A federal district court in Texas has ruled that the Affordable Care Act’s (ACA) individual mandate is unconstitutional. The court further found that, because the individual mandate is “essential” to the ACA, the remaining provisions of the law are also invalid.
Congress zeroed out the tax penalty appropriation, yet left in place the ACA’s individual mandate, in the federal tax reform bill in December 2017. Wisconsin, along with 18 other states, has led the lawsuit arguing that the remaining mandate, without an active tax penalty, violates the Commerce Clause of the U.S. Constitution, and Congress does not have the constitutional authority to compel citizens to purchase health insurance.
The district court did not place an immediate injunction on enforcement of the law, so there will be no immediate impact to 2019 coverage under the ACA. It is expected that the case will be appealed eventually to the U.S. Supreme Court.
The striking down of the ACA means the law’s provisions for pre-existing conditions coverage will be scrapped, if the appeals are unsuccessful. With the validity of the ACA up in the air in federal courts, the Wisconsin legislature could take action again on state-level pre-existing conditions legislation.

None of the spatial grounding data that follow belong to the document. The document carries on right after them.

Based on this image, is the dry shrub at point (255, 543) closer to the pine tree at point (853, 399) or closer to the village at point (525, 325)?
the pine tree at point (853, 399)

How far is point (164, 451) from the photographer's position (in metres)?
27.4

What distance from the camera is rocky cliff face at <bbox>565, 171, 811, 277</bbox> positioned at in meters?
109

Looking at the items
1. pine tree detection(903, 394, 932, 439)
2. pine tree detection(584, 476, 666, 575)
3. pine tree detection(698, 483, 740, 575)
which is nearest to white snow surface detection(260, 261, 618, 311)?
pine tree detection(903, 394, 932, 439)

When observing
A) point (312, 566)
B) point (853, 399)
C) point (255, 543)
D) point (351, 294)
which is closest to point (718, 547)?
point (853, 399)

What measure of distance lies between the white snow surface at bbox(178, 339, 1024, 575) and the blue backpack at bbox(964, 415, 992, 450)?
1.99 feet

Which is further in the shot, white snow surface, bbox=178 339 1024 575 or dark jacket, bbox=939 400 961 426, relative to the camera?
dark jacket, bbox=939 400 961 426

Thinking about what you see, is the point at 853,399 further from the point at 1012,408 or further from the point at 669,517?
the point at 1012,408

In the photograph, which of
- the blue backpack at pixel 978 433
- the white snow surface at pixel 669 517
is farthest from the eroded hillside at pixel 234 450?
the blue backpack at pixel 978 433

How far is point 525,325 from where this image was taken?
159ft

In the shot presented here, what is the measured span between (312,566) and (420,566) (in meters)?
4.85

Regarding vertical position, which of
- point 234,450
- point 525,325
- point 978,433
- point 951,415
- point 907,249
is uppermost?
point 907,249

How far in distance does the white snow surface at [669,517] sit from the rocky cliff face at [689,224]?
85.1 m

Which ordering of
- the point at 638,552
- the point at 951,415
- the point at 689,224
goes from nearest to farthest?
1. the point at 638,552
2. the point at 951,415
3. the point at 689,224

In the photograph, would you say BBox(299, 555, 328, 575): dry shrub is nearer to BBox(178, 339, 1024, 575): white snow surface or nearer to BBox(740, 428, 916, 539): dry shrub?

In the extraordinary session this month, the Senate failed to pass AB 365. The Alliance of Health Insurers and America’s Health Insurance Plans attempted to address concerns with the flawed bill which passed the Assembly. The Senate amended the bill to partially address some of the concerns. However, the bill still had flaws, including extending the ACA’s pre-existing conditions provisions to plans not subject to such conditions under the ACA (i.e. short-term, limited duration plans). Ultimately, the bill failed on the floor in a 16-17 vote. Sens. Dave Craig (R-Big Bend) and Chris Kapenga (R-Delafield) joined all Democrats in voting no.